Native American environmental activist gives public talk
On Thursday, Oct. 6, internationally acclaimed Native American environmental justice activist Winona LaDuke will give a public talk on “Religion, Faith and the Land from a Native Perspective” as part of the UW–Madison Multicultural Student Center’s Institute for Justice Education and Transformation (IJET)’s programming theme “Faith or Justice?: Ironies, Inequalities and Ideologies.”
Free and open to the public, the lecture, co-sponsored with the Nelson Institute for Environmental Studies, will be from 7-9 p.m. in the Memorial Union Play Circle Theater.
LaDuke works nationally and internationally on issues of climate change, renewable energy, sustainable development and food systems. She is the founder and co-director of Honor the Earth, a national advocacy group encouraging public support and funding for native environmental groups.
In her own community in northern Minnesota, she founded the White Earth Land Recovery Project, one of the largest reservation-based nonprofit organizations in the country and a leader in culturally based sustainable development strategies. LaDuke is also a two-time vice presidential candidate with Ralph Nader for the Green Party and a 2007 inductee in the National Women’s Hall of Fame.
Her lecture is part of IJET’s commitment to foster cross-community ally-ship, build student capacity as effective activists and organizers, and support students in becoming institutional change agents and transformative leaders in working towards a just society. By bringing in powerful guests as part of the annual Social Justice Speakers and Trainers series, IJET provides opportunities for deep reflection and action around issues of social justice for multicultural students and their allies.

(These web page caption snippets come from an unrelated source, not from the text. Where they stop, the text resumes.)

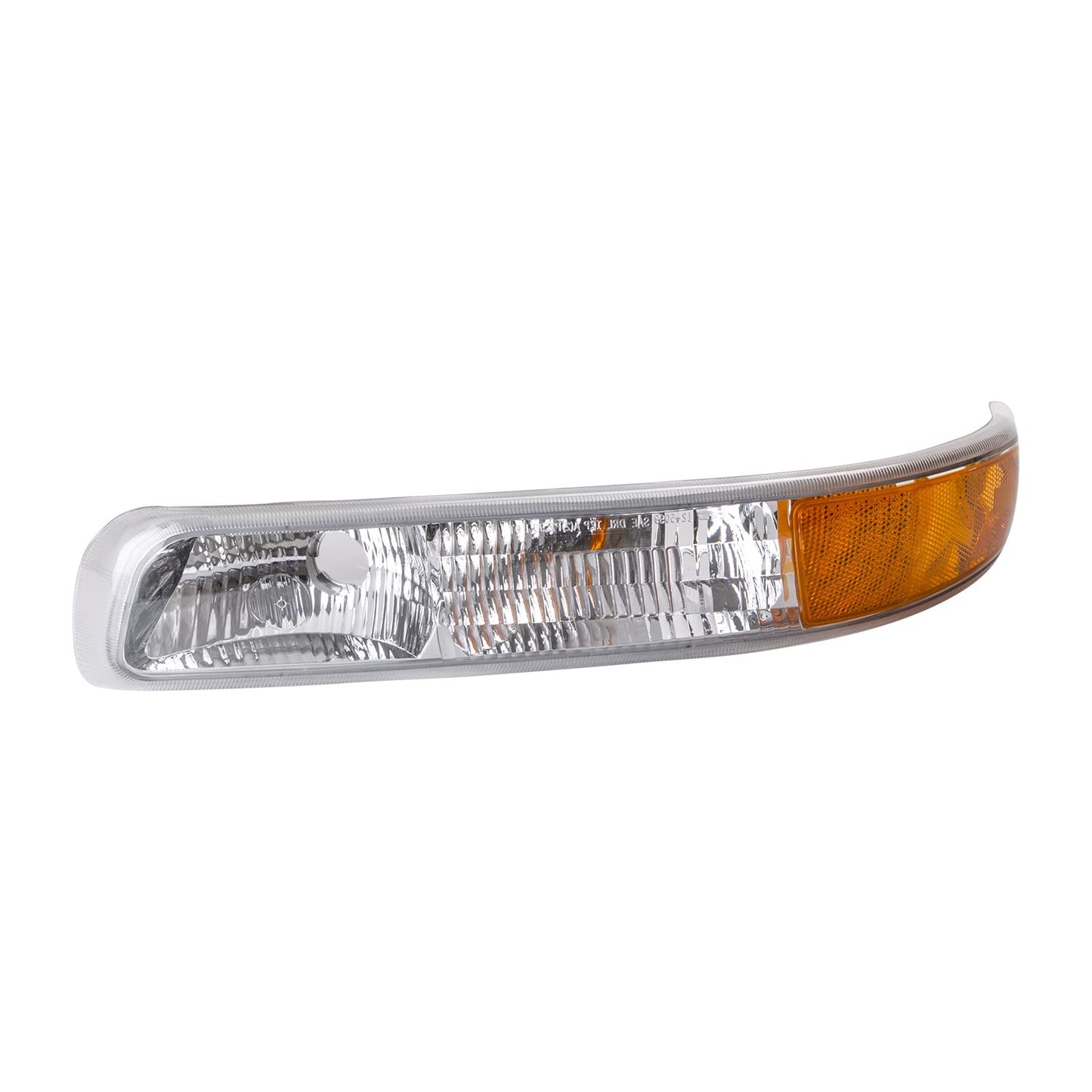 TYC Left Turn Signal Light Compatible with 1999-2002 Chevrolet Silverado, Clear, Model 12-5100-01-9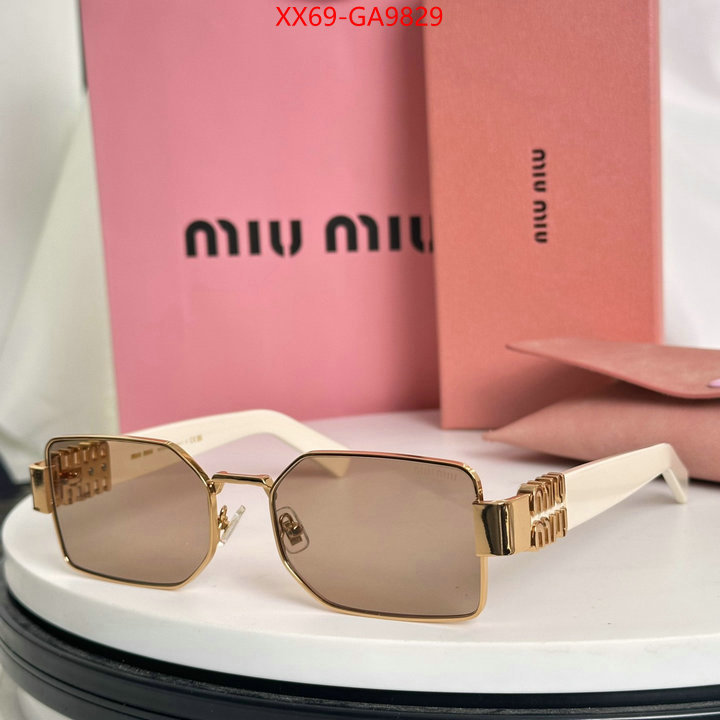 Glasses-Miu Miu good quality replica ID: GA9829 $: 69USD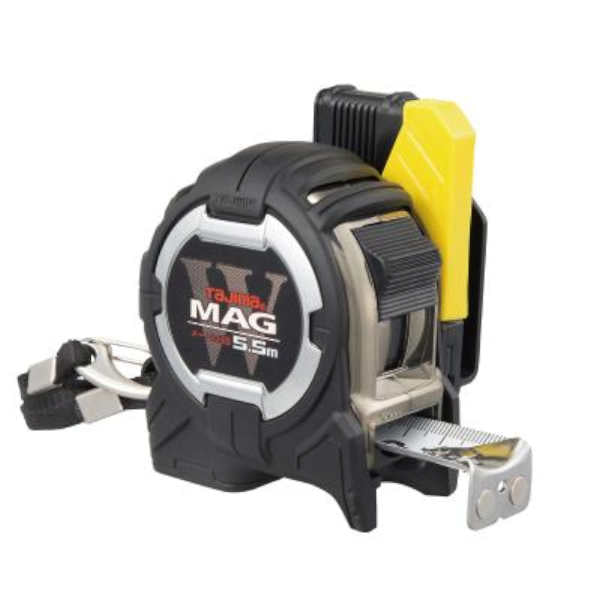 タジマ コンベックス 5.5m｜セフG3ゴールドダブルマグ25｜CWM3S2555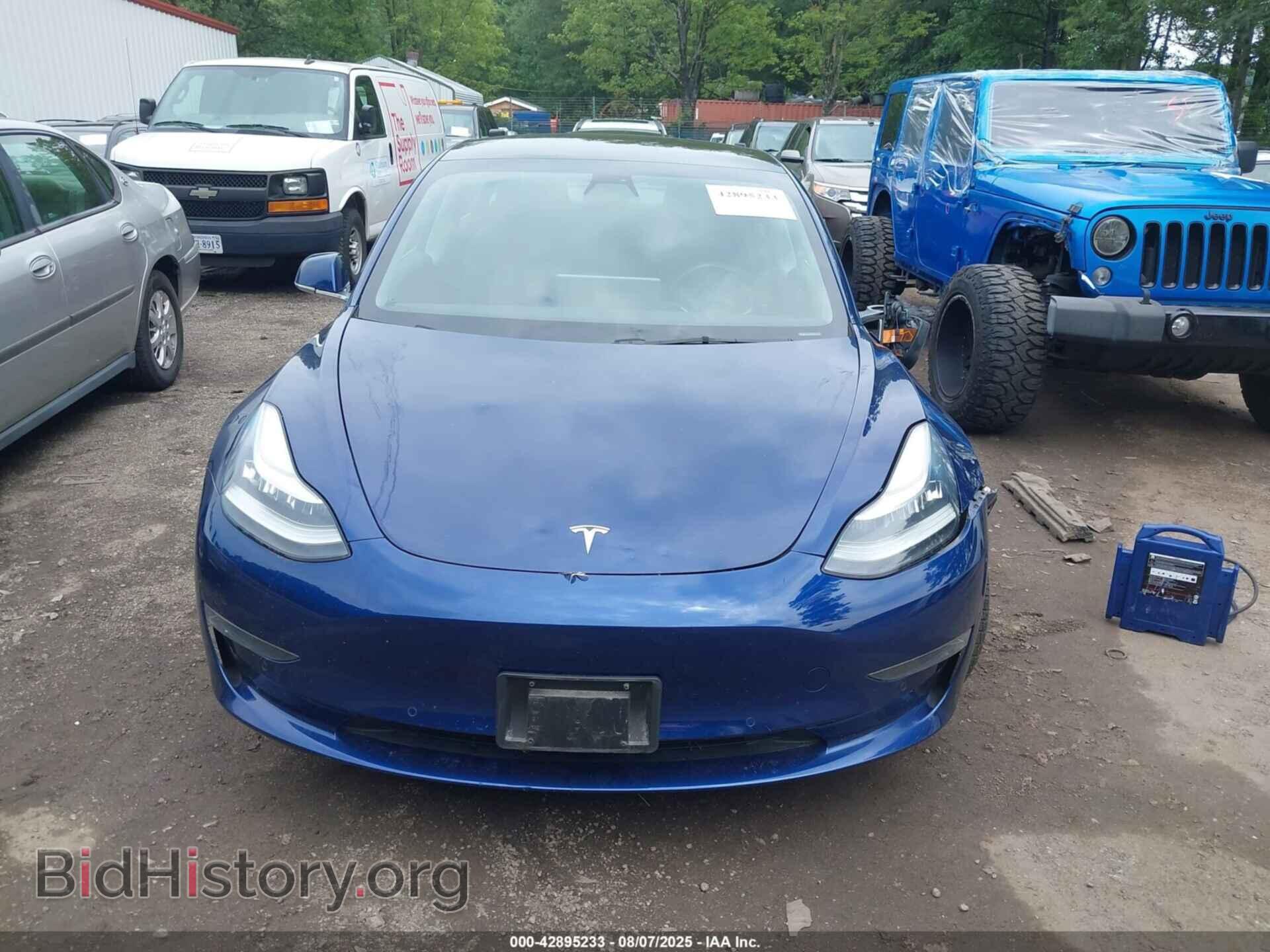 2019 TESLA MODEL 3 - VIN: 5YJ3E1EA4KF337460 - Фото 12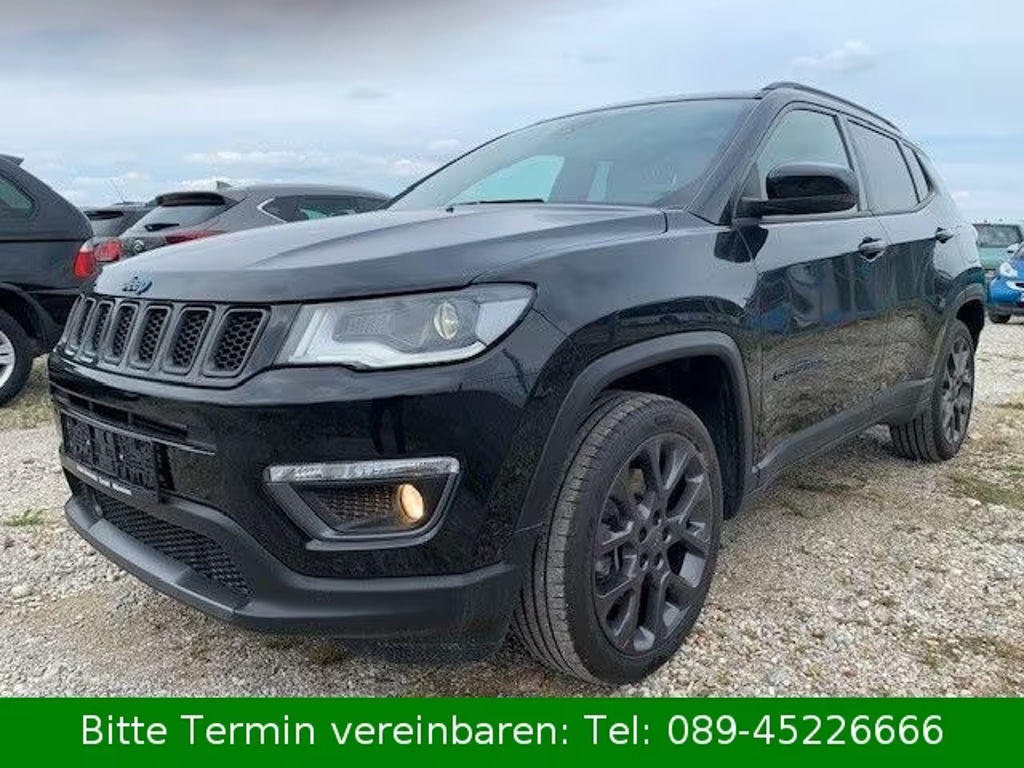 Jeep Compass Hybrid 4x4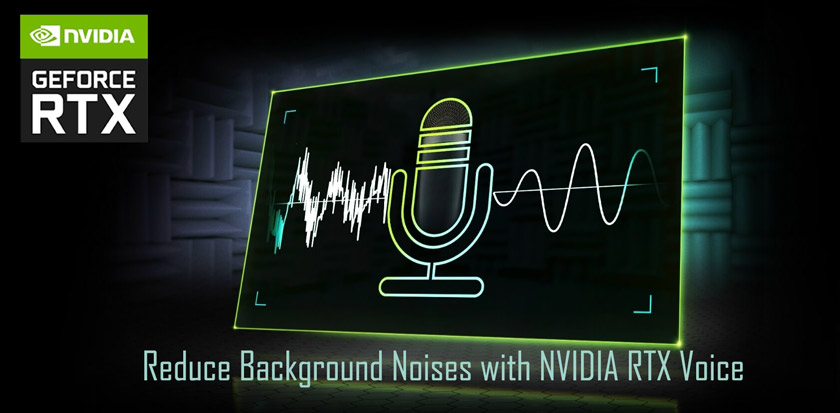 Reduce Background Noises with NVIDIA RTX Voice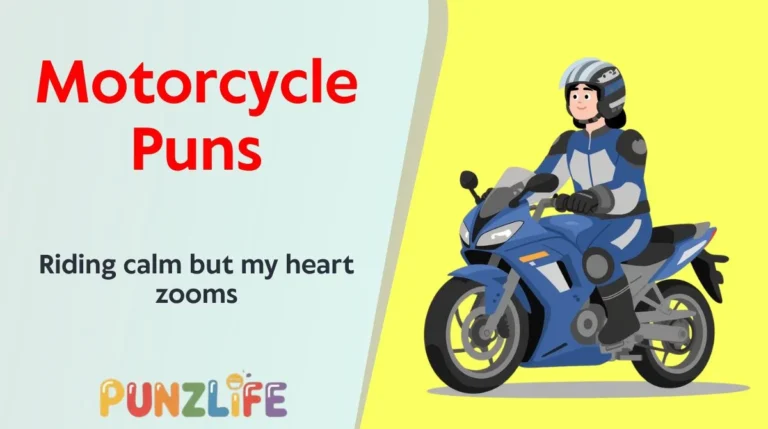 Motorcycle Puns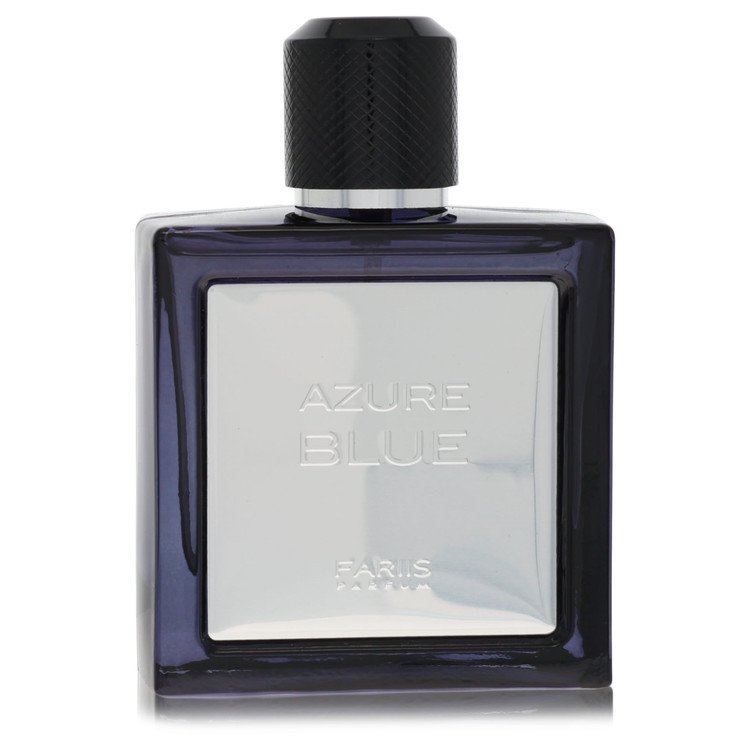 fariis azure blue by fariis parfum eau de parfum spray (unboxed) 3.4 oz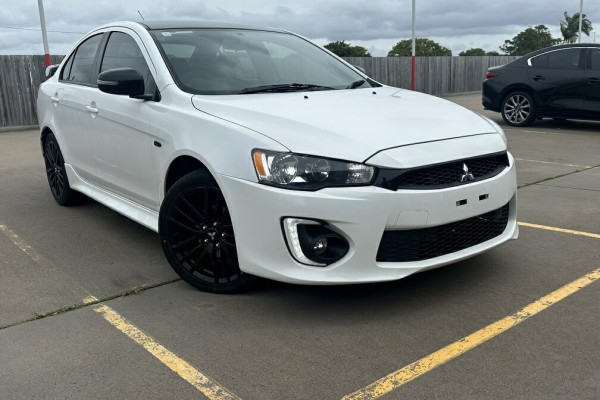 2017 Mitsubishi Lancer CF Black Edition Sedan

This event is also part of the Multicultural Student Center’s participation in the White House’s Interfaith and Community Service Campus Challenge, a joint commitment with the LUBAR Institute for the Study of Abrahamic Religions, the Morgridge Center for Public Service and other UW–Madison campus units and student organizations to promote interfaith understanding and cooperation through programming and community service.